▸ **Task goal**
For this exercise, write out only the lines of the entries below from the one with "Used 2021 Hyundai" up to and including the one with "Työpöytä, vuodevaatteet, pääsy pyörätuolilla", exactly as they are. Pictures stay out.

▸ **Records for this exercise**
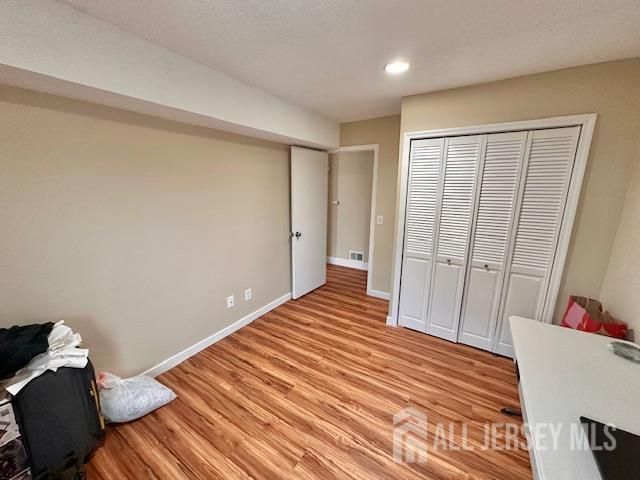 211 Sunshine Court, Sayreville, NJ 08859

--

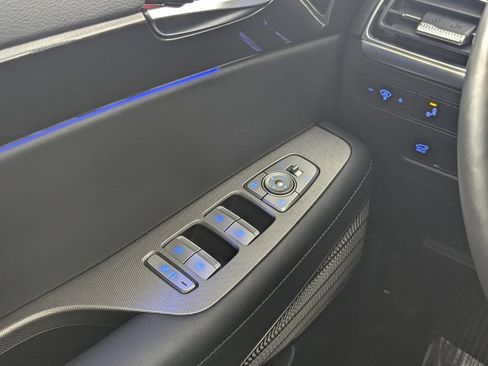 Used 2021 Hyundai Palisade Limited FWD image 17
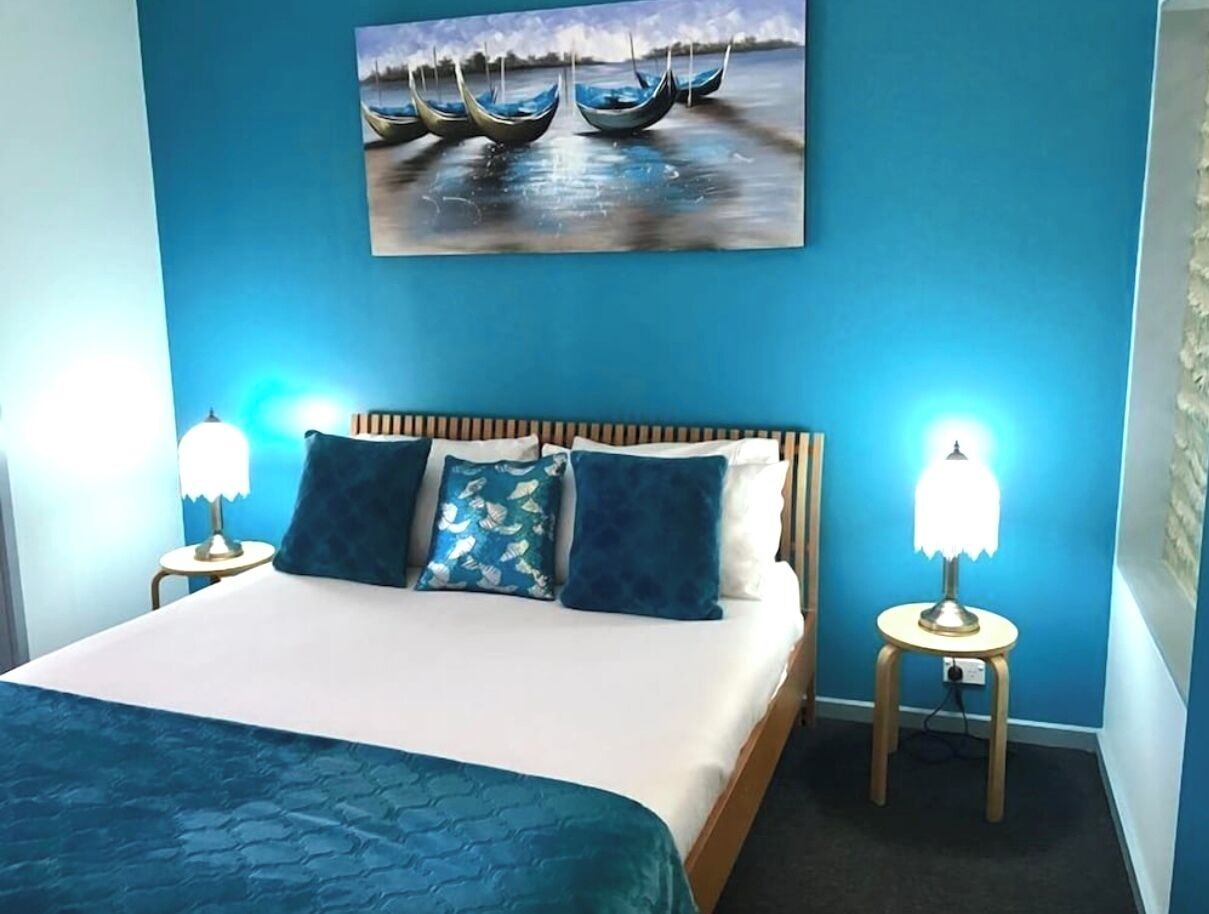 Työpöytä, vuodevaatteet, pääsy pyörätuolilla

--

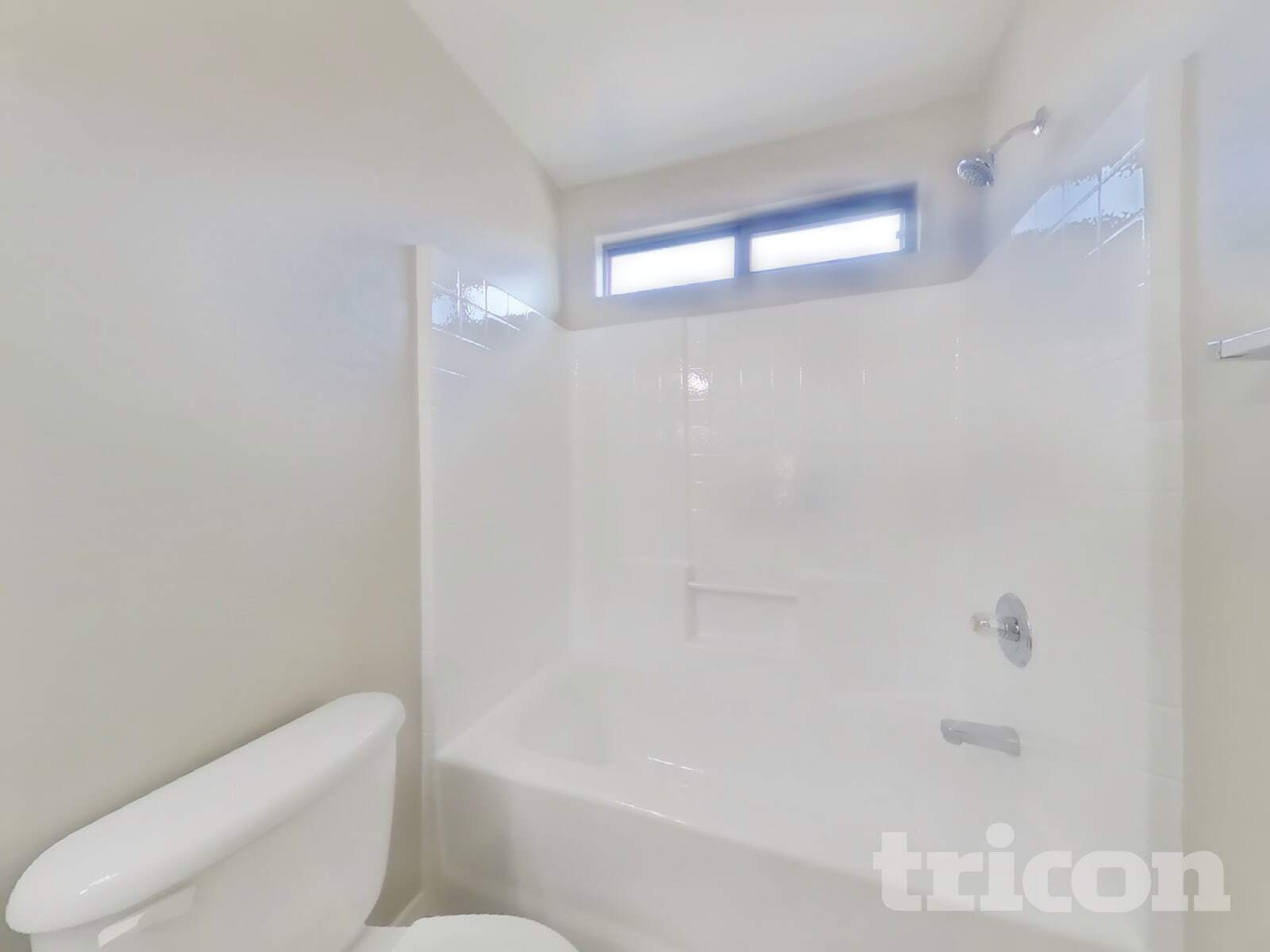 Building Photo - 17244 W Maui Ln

▸ **Task answer**
 Used 2021 Hyundai Palisade Limited FWD image 17
 Työpöytä, vuodevaatteet, pääsy pyörätuolilla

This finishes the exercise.